The 16th edition of SemEval features 12 TASKS on a range of topics, including tasks on idiomaticy detection and embedding, sarcasm detection, multilingual news similarity, and linking mathematical symbols to their descriptions. Several tasks are multilingual, and others ask for multimodal approaches
Our team’s members choose two tasks from the 12 tasks list:
- Task 1: CODWOE – COmparing Dictionaries and WOrd Embeddings: The CODWOE shared task invites to compare two types of semantic descriptions: dictionary glosses and word embedding representations. Are these two types of representation equivalent? Can we generate one from the other?

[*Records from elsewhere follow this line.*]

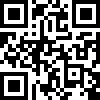 https://mehrnews.com/x3cdVp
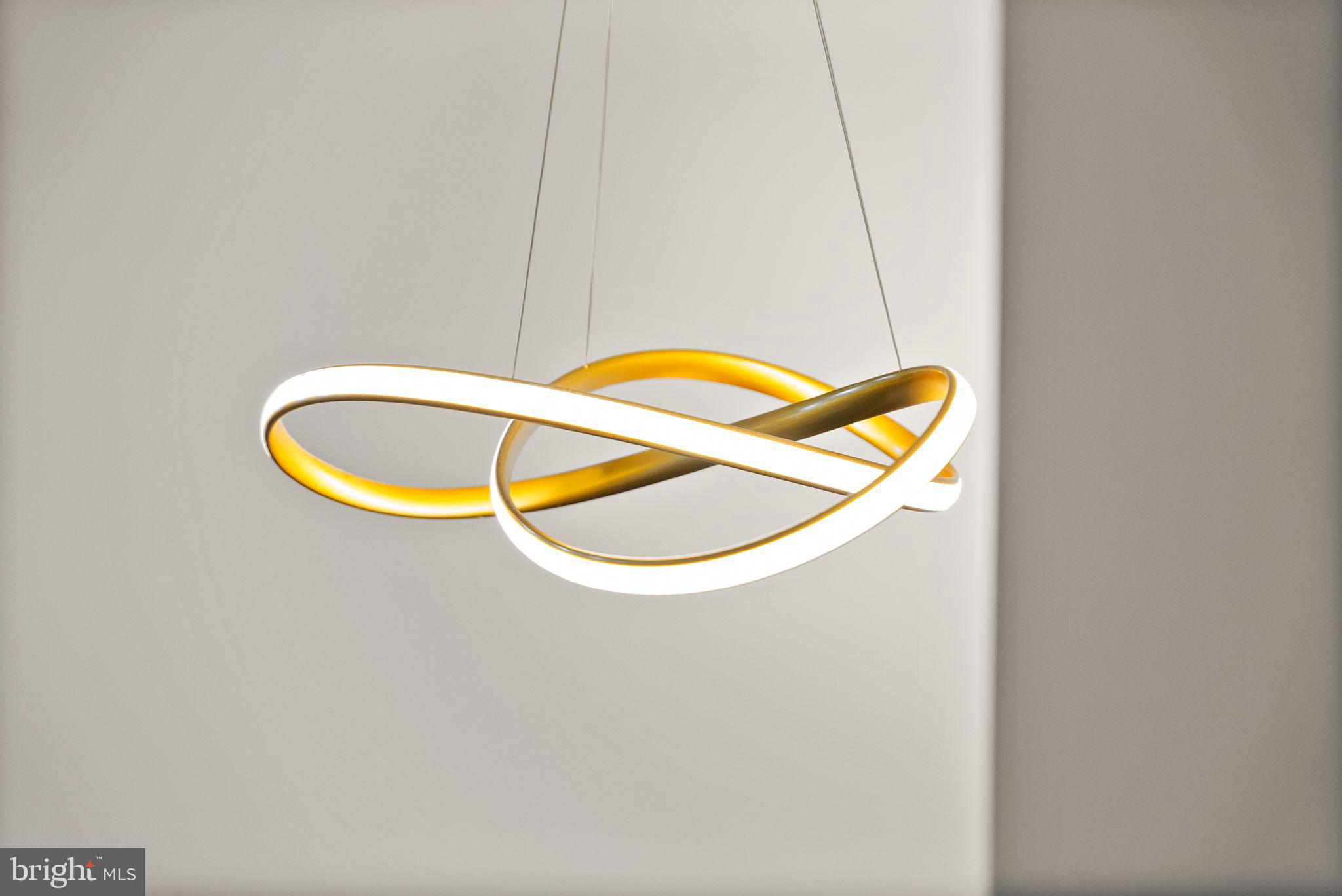 DOMINION CROSSING - Residential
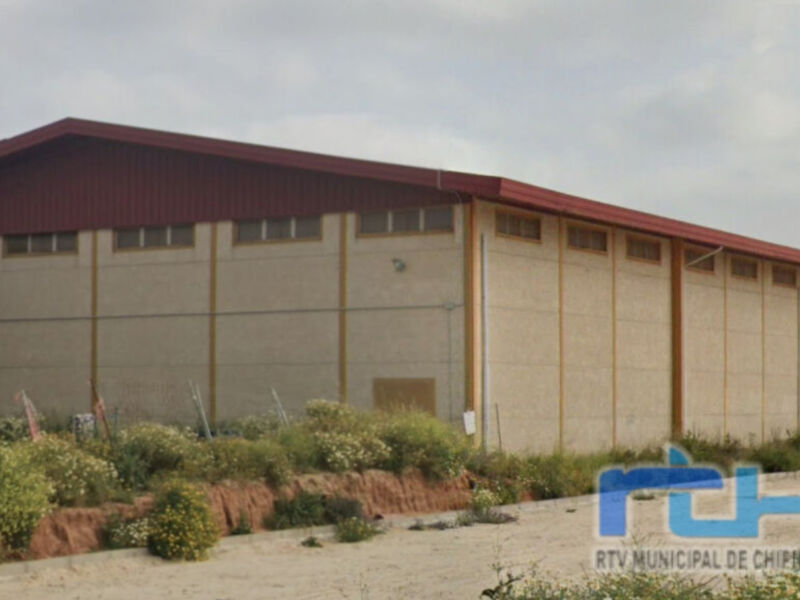Aprobados proyectos del Programa de Fomento del Empleo Agrario en Chipiona por valor de más de 1.360.000 euros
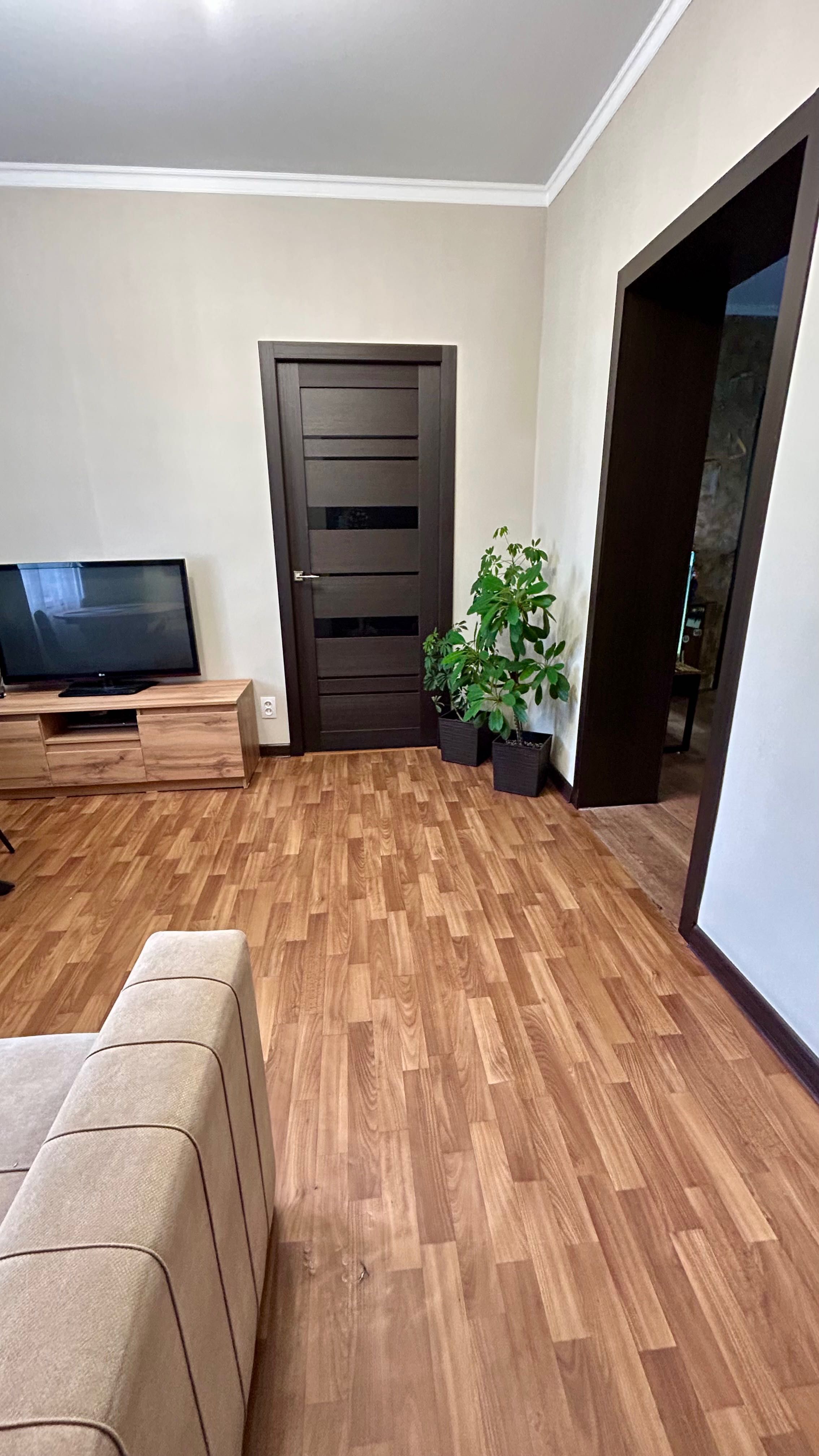 Продаю дом, Михайловка
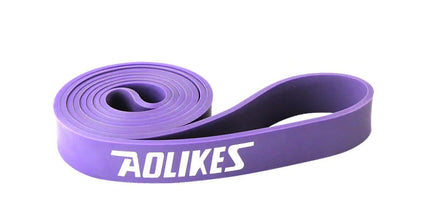 Core Pulse - Resistance Band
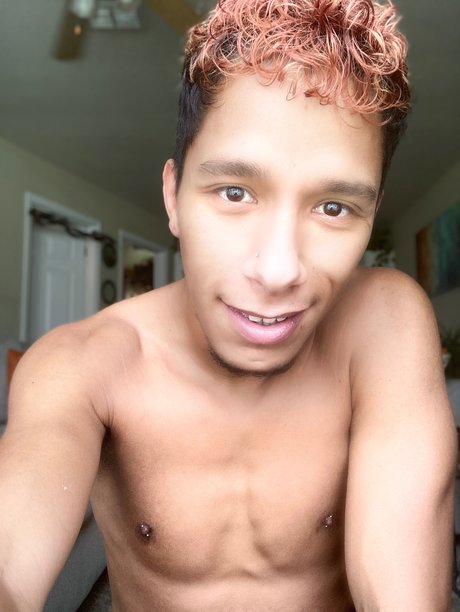 _FRESH PRINCE_ model hd pictures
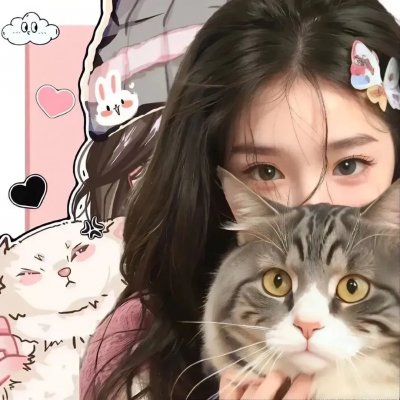 猫王巡回演唱会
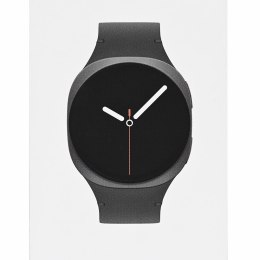 Smartwatch Samsung Galaxy Watch 8 L335 LTE (44mm) Graphite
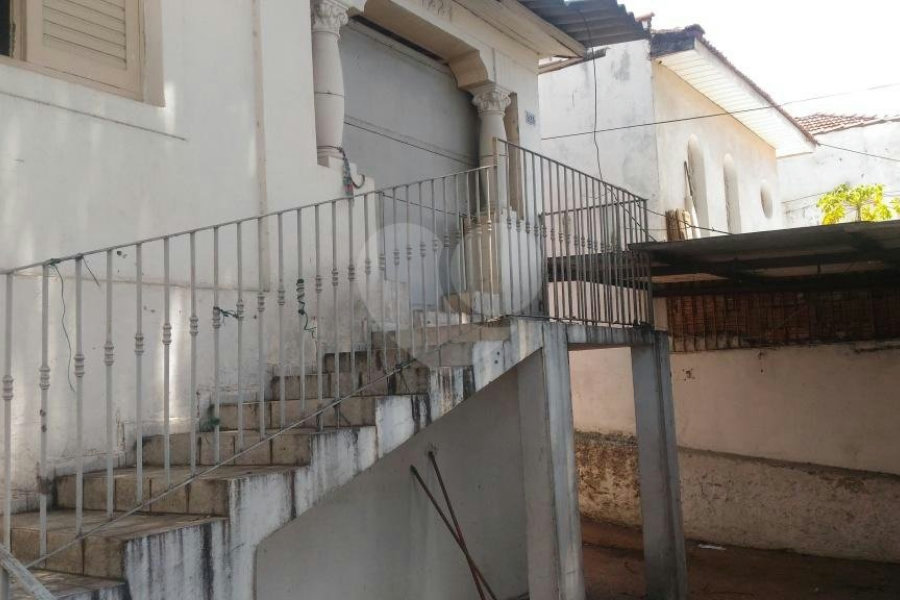 Casa à venda com 3 quartos, sendo 1 suíte, em Casa Verde, São Paulo, SP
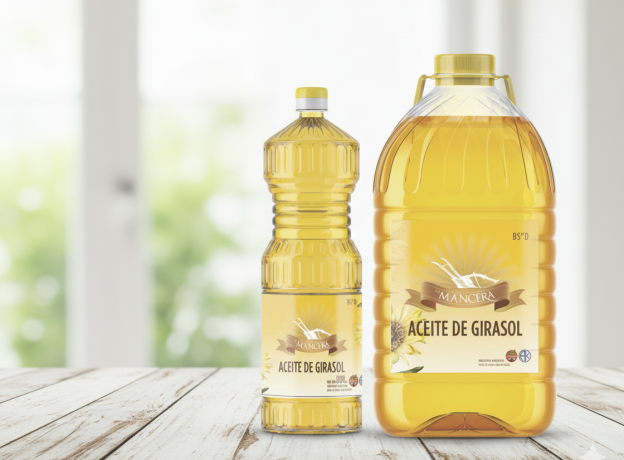 Generated Image October 31, 2025 - 5_36PM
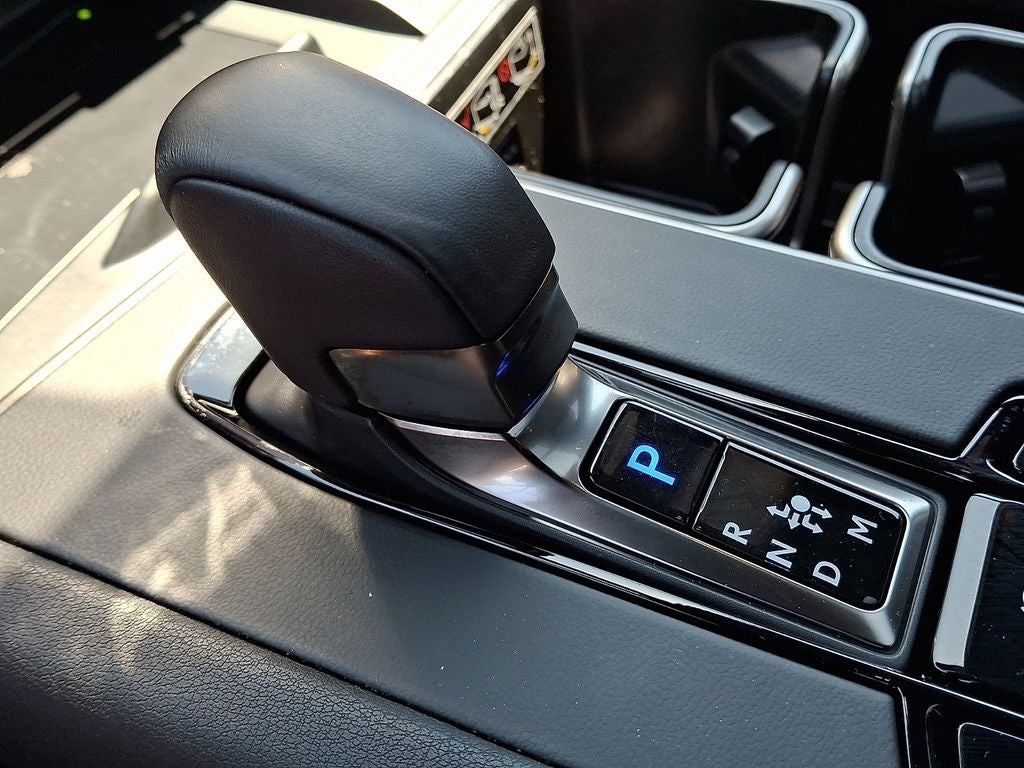 2025 Lexus TX 350 Luxury 350 Luxury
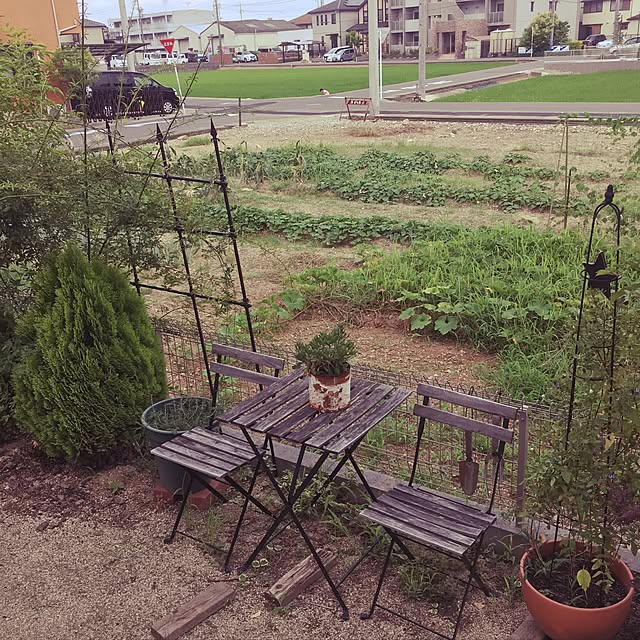 Makoさんの実例写真
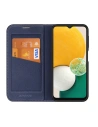 Hurtownia GSM - Etui Dux Ducis Skin X2 Samsung Galaxy A14 5G modré - DDS1515 - {ean13} - Hurt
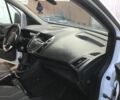 Белый Форд Транзит Коннект, объемом двигателя 1.6 л и пробегом 381 тыс. км за 8600 $, фото 6 на Automoto.ua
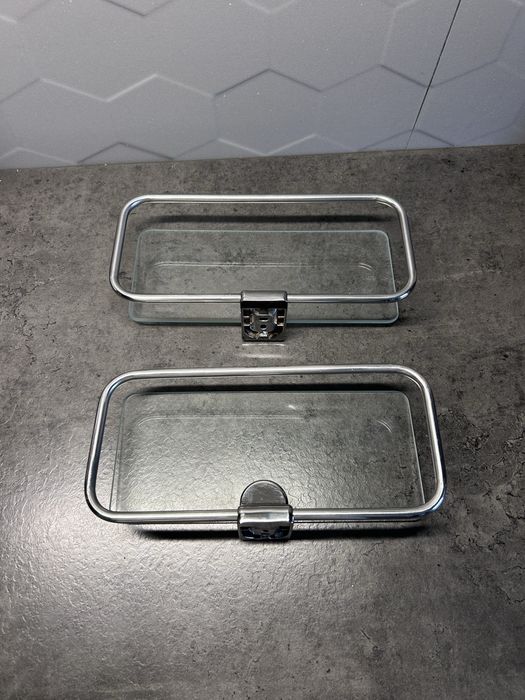 Polita dus (set 2 bucati)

- Task 8: Multilingual news article similarity: The difference to document similarity as it is usually conceived: Here, we are interested in the real world-happenings covered in the news articles, not their style of writing, political spin, tone, or any other more subjective “design decision” imposed by a medium/outlet. The main sub-dimensions of similarity are Geolocation, Time, Shared Entities, Shared Narratives. This allows to assess to what extent outlets write about “the same things”.
They choose those tasks because they are directly linked to several problematic meets in the DRIT about semantic representation of textual elements.
The calendar is the following:
- 10th of January 2022: Beginning of the evaluation
- 31st of January 2022: End of the evaluation
- 23rd of February 2022: Submission of scientific articles
- 31st March 2022: Notification to authors
If the team is selected, they’ll have the opportunity to take part to the NAACL (Annual Conference of the North American Chapter of the Association for Computational Linguistics) workshop plan for summer 2022 in Seattle, Washington. A great opportunity to meet other scientists from all over the world and exchange knowledge.
Our team members who take part to the challenge are Mokhtar Boumedyen BILLAMI, Christophe BORTOLASO, Sébastien DUFOUR, Camille GOSSET, Julien BRETON, Mehdi KANDI, Youssef MILOUDI, Lina NICOLAIEFF, Karim BOUTAMINE and Nihed BENDAHMAN.